Fig. 12-57. What appears to be smoke is a severe epidemic of bunt smut of wheat caused by Tilletia caries

Species of Ustilago are common on corn (Fig. 12-58), wheat, rye and barley. 

Fig. 12-58. Common corn smut caused by Ustilago maydis. Incidentally, highly prized for food in Latin America.

Tilletia causes bunt and stinking smut of wheat. Karnal bunt of wheat is currently of great concern to U.S. wheat growers because many countries have quarantines against wheat with this smut. Recently, this smut fungus appears to have moved from Mexico into some wheat growing areas of New Mexico, Arizona, and Southern California. Will wheat from the U.S. be on quarantine in other countries, or can the fungus be eliminated? Most of you have probably seen the smut on onion, the black stuff between the onion bulb scales, caused by Urocystis.

The Exobasidiales are a small group of mainly leaf parasites that occur mostly on Ericaceous plants, i.e. the blueberry family. They cause galls very similar to the galls that are formed by Taphrina in the peach leaf curl. Often, not only leaves of the host are infected with Exobasidium but also the inflorescences which become large, lime green, and succulent.

While most of the Aphyllophorales (bracket fungi) are wood rotting species, several groups become parasitic and cause plant diseases. They include Athelia that causes root and stem rots; the most important of which is A. rolfsii (Fig. 12-59), named after a famous plant pathologist from the University of Florida, P.A. Rolfs. 
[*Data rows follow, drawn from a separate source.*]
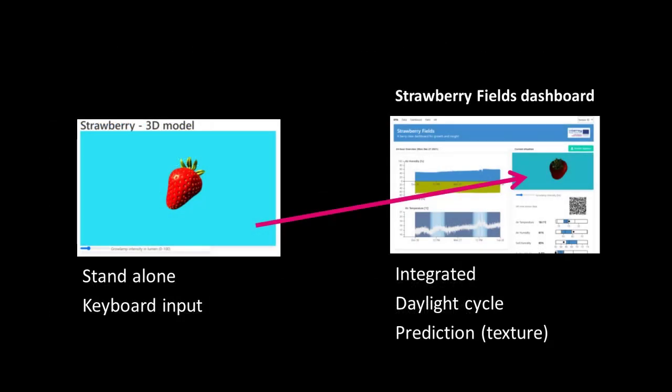And that finishes up this section. Now we have fully integrated our virtual reality into the strawberry fields dashboard and make it come alive with the real sensor data.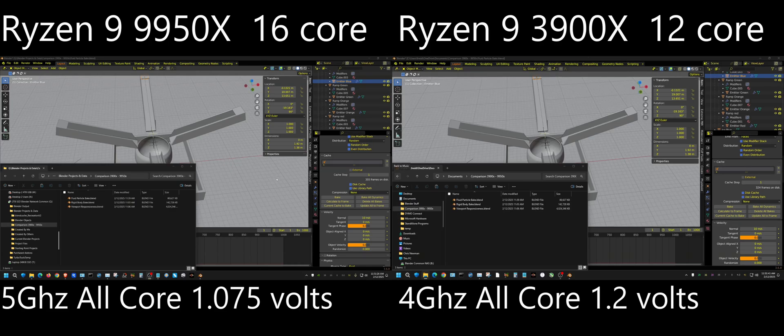In this video I'm going to compare the performance of the Ryzen 9 9950X to the Ryzen 9 3900X when it comes to its performance, specifically in Blender.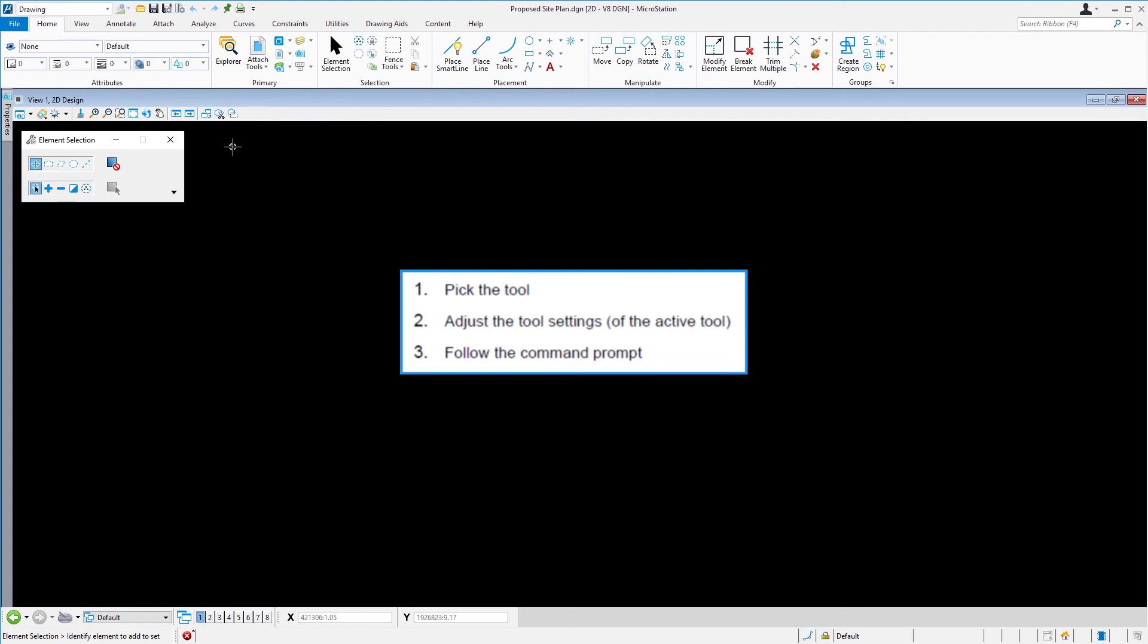In this case, adjusting the tool settings was not necessary because the tool was already set to Files All. And then, in this case, the tool was executed immediately because there is a single View window in use.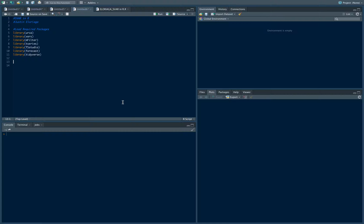First, we're going to load the required packages. If you haven't installed them yet, just install them on your Mac or PC and they should work fine. We call them using the library command. I already have them installed, so I'll go ahead and load these packages.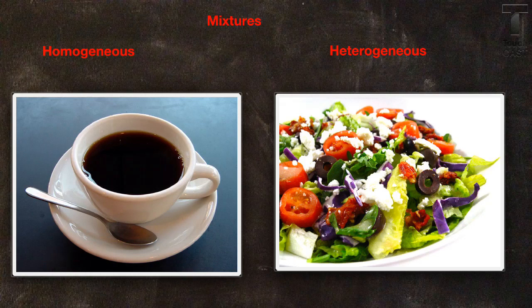Such as the lettuce, tomatoes, olives, croutons, and cheese in a salad. And that's a wrap.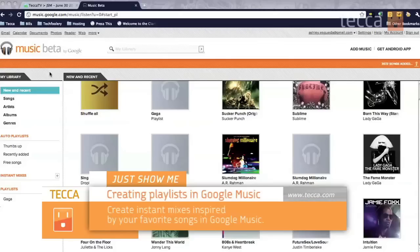Hi everybody, I'm Ashley Esqueda and it's time for another installment of Just Show Me on Tekka TV, where we take your tech toys and gadgets and show you how to get the most out of them. Today I'm going to show you how to make playlists in Google Music.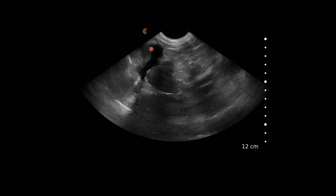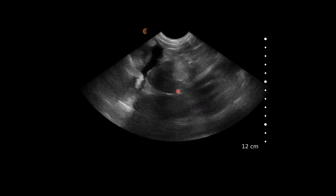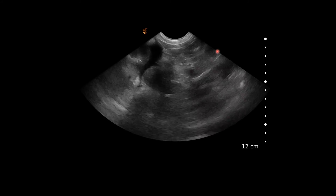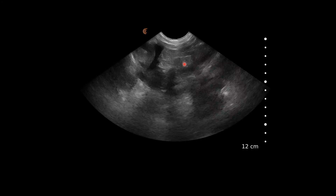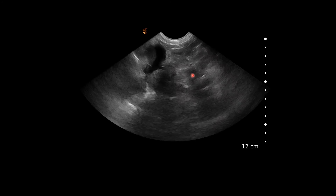Again, the left adrenal is seen here with the kidney popping into view.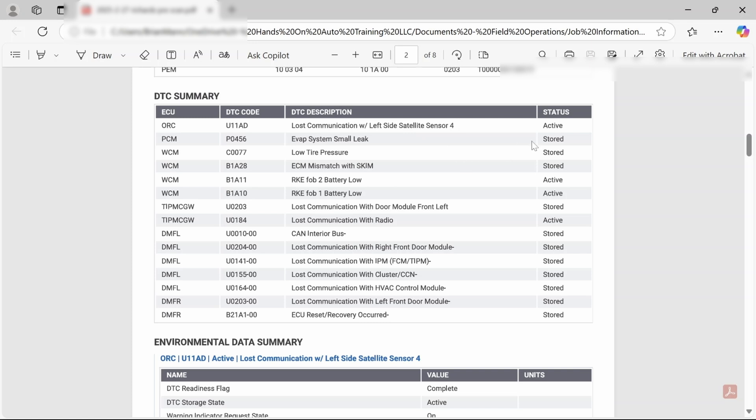And then we also have this small leak detected storage door. Not worried about any of these codes or the key fob battery low codes, but what I'm more concerned about is we have lost communication with the door module left from the TIPM and also a lost communication with the radio.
Fig. 12-59. Stem rot of peanuts caused by Athelia rolfsii.

Species of Ceratobasidium also cause  thread blight. Heterobasidium, that we examined in the biocontrol section, causes root rots in living trees, and Thanatephorus causes stem and root rots of a wide variety of plants. The mushroom order Agaricales is largely mycorrhizal or saprobic, but a few are clearly parasitic. This includes species of Armillaria (Fig. 12-60) that causes root rots on a number of trees and ornamental species.  

Fig. 12-60. Mushroom root rot is caused by Armillaria tabescens.